But all it took for a hacker to infiltrate the 1,000-lawyer agency’s network early this month was one worker’s pilfered email password, according to a city official briefed on the matter.
Officials have not said how the intruder obtained the worker’s credentials, nor have they determined the scope of the attack. But the hack was enabled by the Law Department’s failure to implement a basic safeguard, known as multifactor authentication, more than two years after the city began requiring it, according to four people with knowledge of the legal agency’s system and the incident.
The intrusion interrupted city lawyers, disrupted court proceedings and thrust some of the department’s legal affairs into disarray.
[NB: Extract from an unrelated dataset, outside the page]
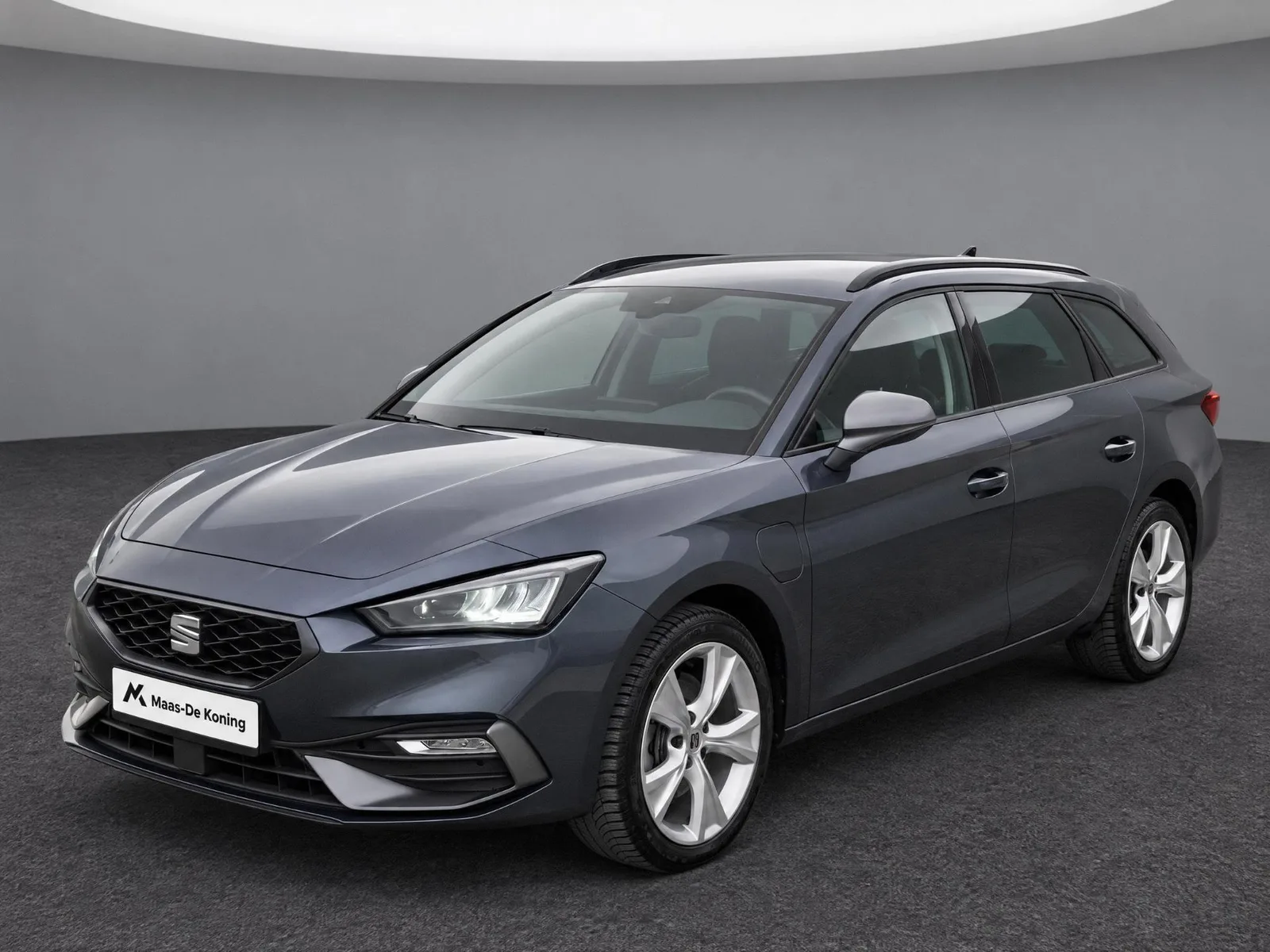 SEAT Leon Sportstourer (2022) — foto 1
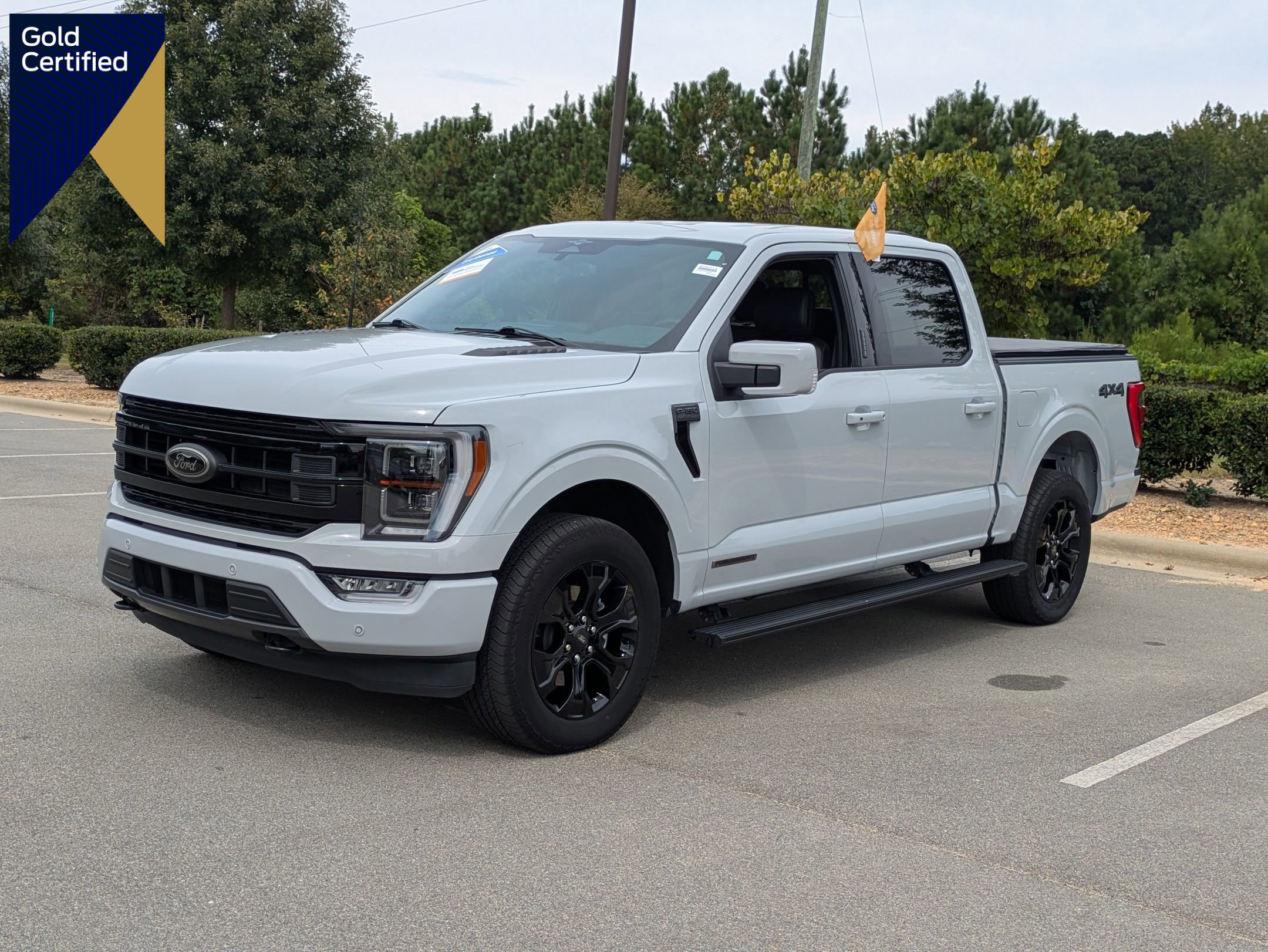 Certified 2023 Ford F150 Lariat w/ Equipment Group 502A High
And on Tuesday morning, in a conference call, Mayor Bill de Blasio admonished the heads of city agencies to shore up their cyberdefenses or face consequences in the event their agencies were hacked, according to three people who were on the call.
The mayor’s warning to the agency heads comes 10 days after the city’s Cyber Command, created by de Blasio in 2017 to defend the city’s computer networks, detected unusual activity on the Law Department’s computer system.
The next afternoon, June 6, city officials have said, they removed the department’s computers from the city’s larger network. Many remain disconnected.
De Blasio, in public appearances last week, said that the hack was under investigation by the New York City Police Department’s intelligence bureau and the FBI’s cyber task force. He said officials were not aware of a ransom demand being made or of any information being compromised.
Officials also said there was no evidence that the attack had damaged the city’s computer systems, though the investigation was still in an early stage. Investigators are still trying to determine the identity of the perpetrator and the motive.